À La Réunion, les traces de la traite orientale résonnent principalement à travers la diversité de la population. L’île, grâce à des siècles de migrations forcées et de métissages culturels, porte l’héritage d’esclaves venus de l’Afrique de l’Est, de Madagascar, du Mozambique, mais aussi d’Inde et du monde malais. Cette mosaïque humaine s’explique par la longue histoire des routes de l’Océan Indien, sur lesquelles les négriers arabo-musulmans ont circulé pendant près d’un millénaire. Les eunuques d’Afrique orientale, les serviteurs indiens, les travailleurs venus contre leur gré reflètent ces trajectoires mêlées. On croise donc à la Réunion une identité à la fois afro-malgache et indo-malgache, qui puise dans les héritages des mondes arabes, indiens et africains. Petite anecdote : on entend encore parfois au sein de familles réunionnaises des récits transmis oralement sur des ancêtres venus en batelage par la mer d’Afrique orientale, mémoire vivante d’une époque dure, mais réelle. Cette réalité humaine se retrouve dans certains patronymes, traditions de mariage, coutumes culinaires et même dans l’organisation sociale de certains quartiers créoles.
Quels noms, langues ou patronymes témoignent de cette histoire à La Réunion ?
Les héritages linguistiques et onomastiques portés par les Réunionnais révèlent des empreintes profondes de la traite orientale. Plusieurs patronymes d’origine africaine de l’Est, indienne, voire arabe ou même perse existent : ils résonnent encore dans les registres d’état civil ou sur les tombes des cimetières anciens. Cette influence se lit aussi à travers des mots du créole réunionnais directement issus du malgache, du swahili ou d’autres langues africaines utilisées par les esclaves venus de l’Océan Indien. Certains termes du quotidien viennent du maharashtra ou de la côte swahilie — la richesse de ce parler métissé nous surprend lorsqu’on écoute attentivement une conversation au marché de Saint-Paul, par exemple.
- Patronymes : Noms tels que Bacar, Omarjee, Issa, Moutoussamy, ou Abdoul sont des témoins vivants de ces métissages.
- Vocabulaire créole : Des mots comme “zarabe”, “malbars”, “makwa” proviennent de ces vagues migratoires et du brassage linguistique.
- Toponymie : Certains quartiers ou villages portent la trace de cette histoire mouvementée, mêlant arabismes, mots malgaches et expressions africaines.
Les pratiques culturelles réunionnaises sont-elles marquées par cette traite ?

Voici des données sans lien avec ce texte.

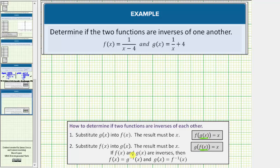And if f of x and g of x are inverses, then it follows that f of x equals g inverse of x and g of x equals f inverse of x. This is just stating the two functions are inverses of each other. Let's check to see if these two functions are inverses, so we will first substitute g of x into f of x, or determine f of g of x.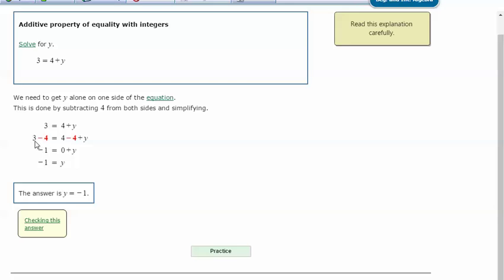So 3 minus 4 is negative 1. So negative 1 equals y. Let's try another one.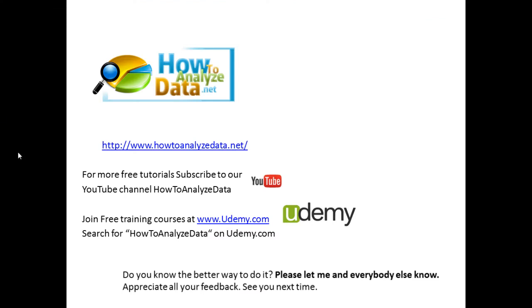If you like this video make sure to subscribe to our YouTube channel How to Analyze Data and also check out our free training courses at udemy.com. Just search for How to Analyze Data at Udemy and you will see all the courses that we have available. One thing I was going to suggest: if you know a better way how to do it, how to install Office 2013, please leave a comment. I always read all of the feedback and always appreciate it. It's one of the goals for IT professionals to help us get better, learn from others, and become better people and exchange information.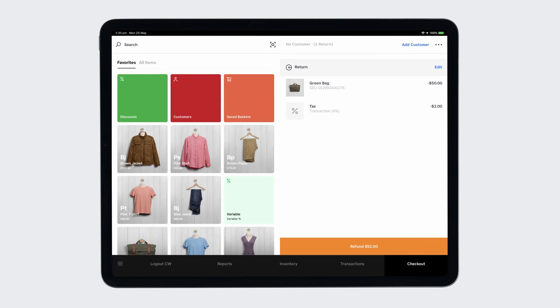When you subscribe to Square for Retail Plus, you'll also be able to seamlessly process exchanges in this flow.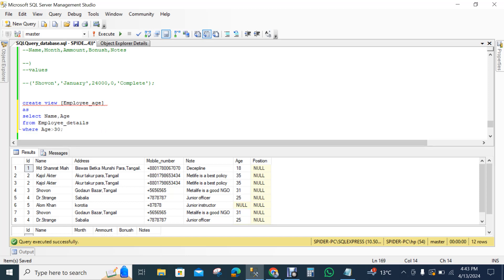And here, you know that every employee has their own age. So we declare that when age will be more than 30, then the results will come out.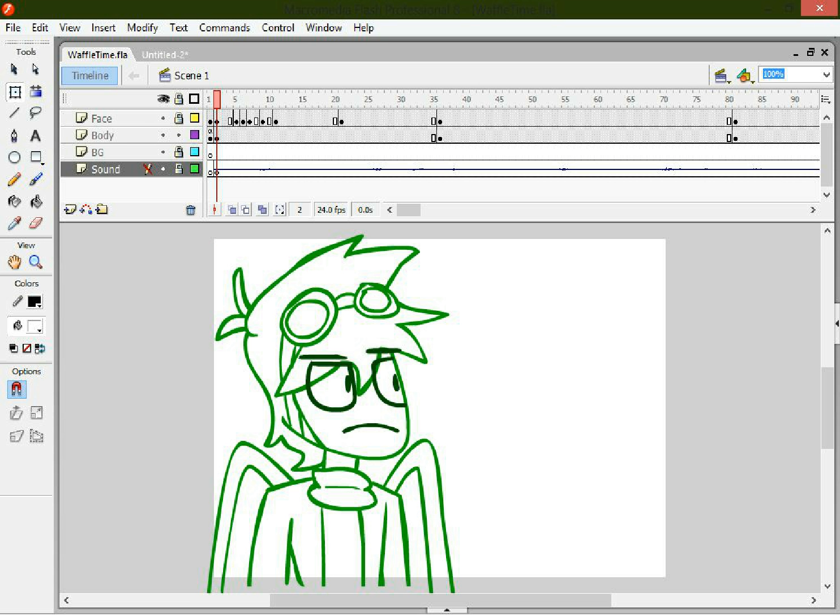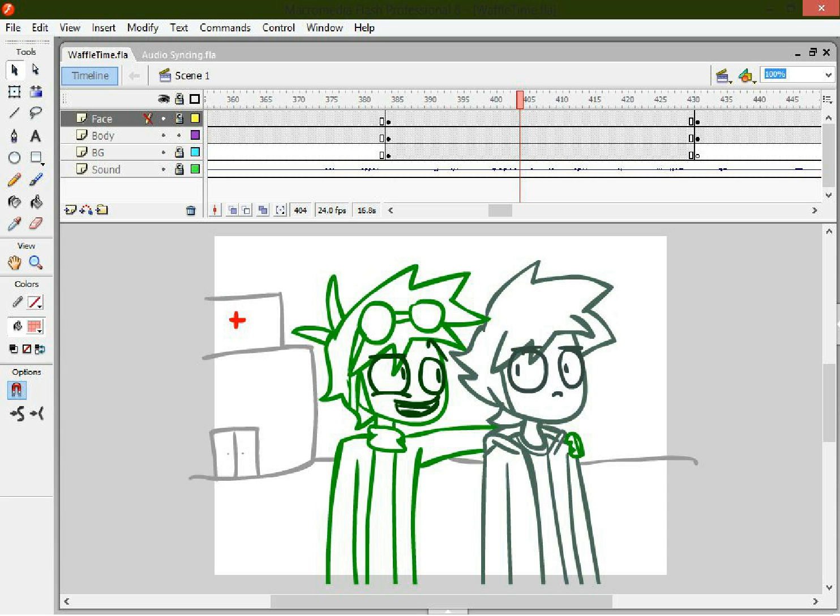First things first: always have the audio in its own separate layer. It can be the first layer, the last layer, I don't care. Just make sure the audio has to be in its own layer.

On retrouve dans les rituels, la cuisine et les fêtes réunionnaises un véritable syncrétisme hérité de la traite orientale. Les cultes, comme le service malbar, puisent dans l’héritage tamoul des engagés post-esclavage, mais aussi parfois dans les croyances du Mozambique ou de Madagascar. La pratique du kabaré, par exemple, mélange tambours africains, chants malgaches et danses qui rappellent les fêtes swahilies. Les traditions culinaires, elles aussi, révèlent l’influence des apports africains et asiatiques : le carry, les achards, les rotis ou le samoussa témoignent de la rencontre entre mondes lointains.

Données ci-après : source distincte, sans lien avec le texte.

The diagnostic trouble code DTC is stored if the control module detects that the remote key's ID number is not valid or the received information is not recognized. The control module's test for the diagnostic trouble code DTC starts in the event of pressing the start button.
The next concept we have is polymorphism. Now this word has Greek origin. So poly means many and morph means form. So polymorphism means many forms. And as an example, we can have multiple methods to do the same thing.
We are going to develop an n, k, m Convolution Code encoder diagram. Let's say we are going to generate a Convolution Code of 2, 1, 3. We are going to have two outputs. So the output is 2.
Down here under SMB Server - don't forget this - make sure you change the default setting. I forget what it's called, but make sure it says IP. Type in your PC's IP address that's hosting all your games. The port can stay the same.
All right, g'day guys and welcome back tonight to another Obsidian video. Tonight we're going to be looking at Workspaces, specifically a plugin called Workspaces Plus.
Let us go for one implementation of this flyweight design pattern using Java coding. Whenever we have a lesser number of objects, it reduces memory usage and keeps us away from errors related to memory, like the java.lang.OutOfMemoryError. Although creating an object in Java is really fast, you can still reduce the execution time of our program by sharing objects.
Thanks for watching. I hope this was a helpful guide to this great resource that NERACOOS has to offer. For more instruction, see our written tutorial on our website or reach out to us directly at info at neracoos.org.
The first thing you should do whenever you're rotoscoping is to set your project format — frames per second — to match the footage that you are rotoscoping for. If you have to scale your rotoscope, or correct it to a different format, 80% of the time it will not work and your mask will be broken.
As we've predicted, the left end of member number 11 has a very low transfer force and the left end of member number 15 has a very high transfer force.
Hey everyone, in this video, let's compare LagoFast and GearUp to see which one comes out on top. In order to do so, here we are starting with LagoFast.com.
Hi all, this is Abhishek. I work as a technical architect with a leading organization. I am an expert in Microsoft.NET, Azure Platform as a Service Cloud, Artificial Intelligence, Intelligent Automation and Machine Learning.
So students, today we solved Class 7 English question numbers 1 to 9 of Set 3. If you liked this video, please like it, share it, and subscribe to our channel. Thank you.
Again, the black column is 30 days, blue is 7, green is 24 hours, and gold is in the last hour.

Il existe encore une mémoire, parfois enfouie, des cultes ancêtres, des chants de lamentation, des prières en langues mâtinées de swahili ou de malgache. Lors des cérémonies religieuses ou communautaires, certains gestes ou vêtements rappellent l’Afrique de l’Est ou l’Inde du Sud. Le sitarane — personnage mythique local — provient lui-même d’une histoire de migration et de métissage liée à la traite orientale. L’histoire de ses rituels magico-religieux perpétués aujourd’hui en est une illustration. Impossible de faire deux pas dans une fête réunionnaise sans ressentir ce brassage : tout y est symbole et mémoire.
Quels lieux et monuments gardent la mémoire de cette période à La Réunion ?

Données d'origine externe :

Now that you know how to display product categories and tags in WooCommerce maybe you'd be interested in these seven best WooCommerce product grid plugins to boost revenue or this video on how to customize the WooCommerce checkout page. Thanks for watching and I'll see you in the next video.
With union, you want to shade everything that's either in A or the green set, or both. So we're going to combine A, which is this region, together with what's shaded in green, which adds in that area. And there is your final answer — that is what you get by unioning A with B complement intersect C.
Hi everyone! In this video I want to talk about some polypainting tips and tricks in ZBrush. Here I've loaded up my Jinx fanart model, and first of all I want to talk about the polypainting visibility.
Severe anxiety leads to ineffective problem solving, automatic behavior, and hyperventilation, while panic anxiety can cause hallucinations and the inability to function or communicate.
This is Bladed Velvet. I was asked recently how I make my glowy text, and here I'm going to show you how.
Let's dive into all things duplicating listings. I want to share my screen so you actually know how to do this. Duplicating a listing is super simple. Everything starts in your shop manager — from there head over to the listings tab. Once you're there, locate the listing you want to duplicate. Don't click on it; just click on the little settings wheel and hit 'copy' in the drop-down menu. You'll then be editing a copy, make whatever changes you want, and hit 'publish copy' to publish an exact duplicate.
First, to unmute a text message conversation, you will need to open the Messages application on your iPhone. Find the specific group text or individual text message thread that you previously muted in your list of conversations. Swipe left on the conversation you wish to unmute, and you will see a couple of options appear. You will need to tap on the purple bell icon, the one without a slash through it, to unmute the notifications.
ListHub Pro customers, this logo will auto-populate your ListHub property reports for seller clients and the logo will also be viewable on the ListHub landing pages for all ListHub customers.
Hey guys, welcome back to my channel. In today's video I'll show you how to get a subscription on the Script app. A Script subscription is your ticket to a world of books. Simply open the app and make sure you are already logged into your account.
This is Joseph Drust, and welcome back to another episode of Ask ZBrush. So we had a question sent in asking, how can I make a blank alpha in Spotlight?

Sur l’île, certains lieux restent profondément imprégnés par cette histoire. L’ancienne route de l’esclavage, la Rue de Paris à Saint-Denis, abrite toujours des bâtiments où l’on menait jadis les esclaves venus d’Afrique de l’Est, d’Inde ou de Madagascar. Les habitations (anciennes plantations sucrières) portent encore la trace des cases et savanes qui servaient de lieu de vie aux populations réduites en servitude. Le Lazaret de la Grande Chaloupe, centre de quarantaine pour les engagés et esclaves, reste un site visité pour témoigner de cette mémoire.
Les cimetières réunionnais dévoilent eux aussi cette histoire : pierres tombales gravées de prénoms musulmans, malgaches ou indiens, inscriptions en caractères arabes ou tamouls… Impossible de ne pas penser à la polyphonie des origines réunionnaises en arpentant ces allées silencieuses.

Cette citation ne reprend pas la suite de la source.